In a trading update today (11 January), Sainsbury’s said clothing sales increased 5.1% for the six weeks ended 7 January. For the third quarter, clothing sales were up 1.3%.
The retailer said cold weather towards the end of the quarter drove sales up for Tu clothing, with knitwear and Christmas pyjamas particularly popular with customers. Taking into account a year-on-three-year comparison, clothing sales were down 0.4% for the quarter.
Group retail sales, meanwhile, were up 5.2%, excluding fuel, while like-for-like sales climbed 5.9% reflecting inflation and relatively resilient volume trends. General Merchandise sales increased 4.6%.
Simon Roberts, chief executive of J Sainsbury plc, said: “We delivered the best possible Christmas for customers as millions of households managed their budgets differently, hosting larger gatherings again and treating themselves at home.
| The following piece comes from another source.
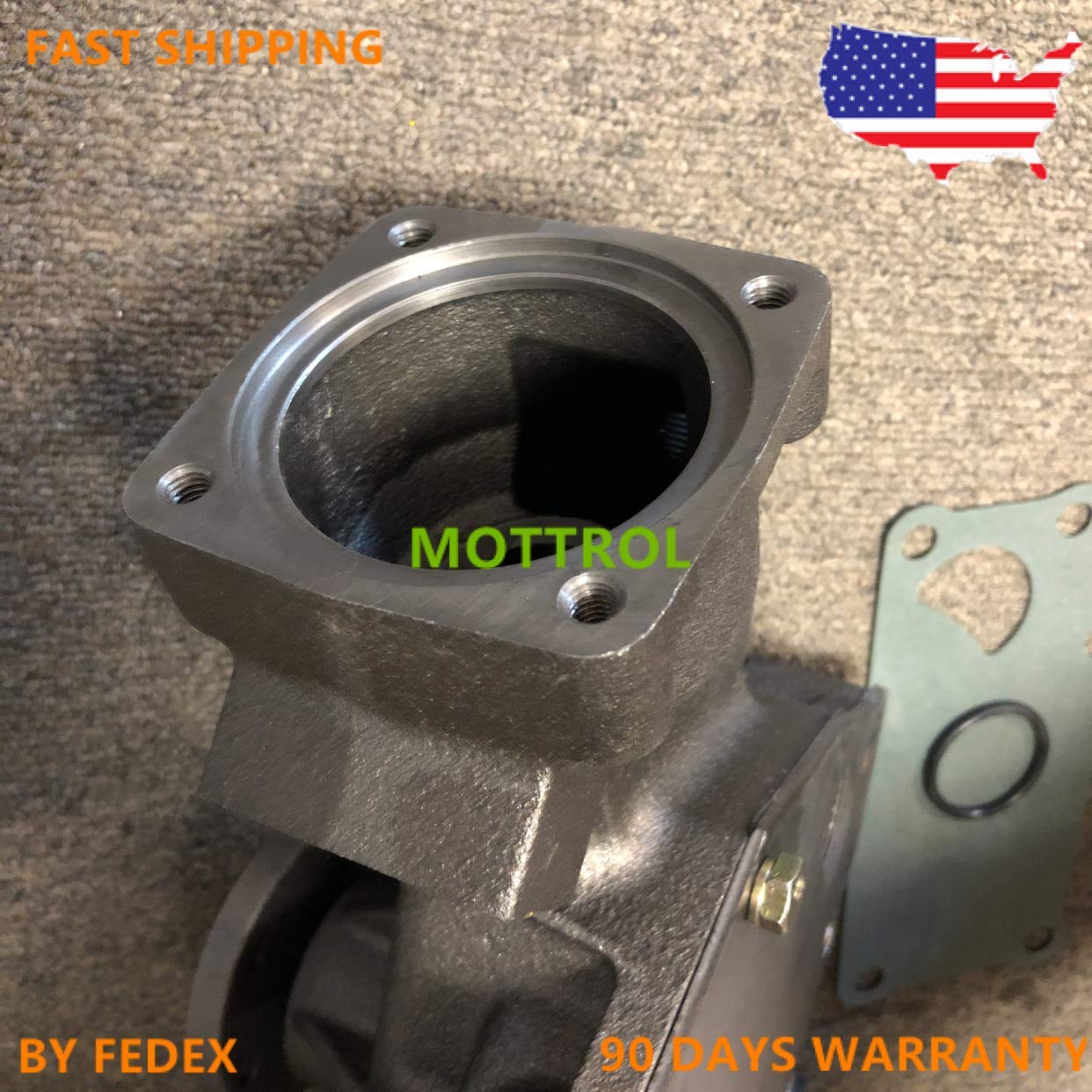 WP 118# 6209-61-1100 Water Pump Replacement for Komatsu 6D95-6 PC200-6 PC210-6 PC220-6 Excavator | High-Performance Aftermarket Hydraulic Pump | Ideal for Construction & Heavy Equipment Maintenance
Customers … looked for deals, taking advantage of Black Friday and other seasonal offers.
“We understand money will be exceptionally tight this year particularly as many people wait for Christmas bills to land. We are working together with our suppliers to battle cost inflation and we’re keeping prices low again this year.”
Looking ahead, Sainsbury’s says that this year it will benefit from lower finance costs than previously guided, broadly offset by the cost of a “significant” colleague pay increase ahead of the year-end annual pay review.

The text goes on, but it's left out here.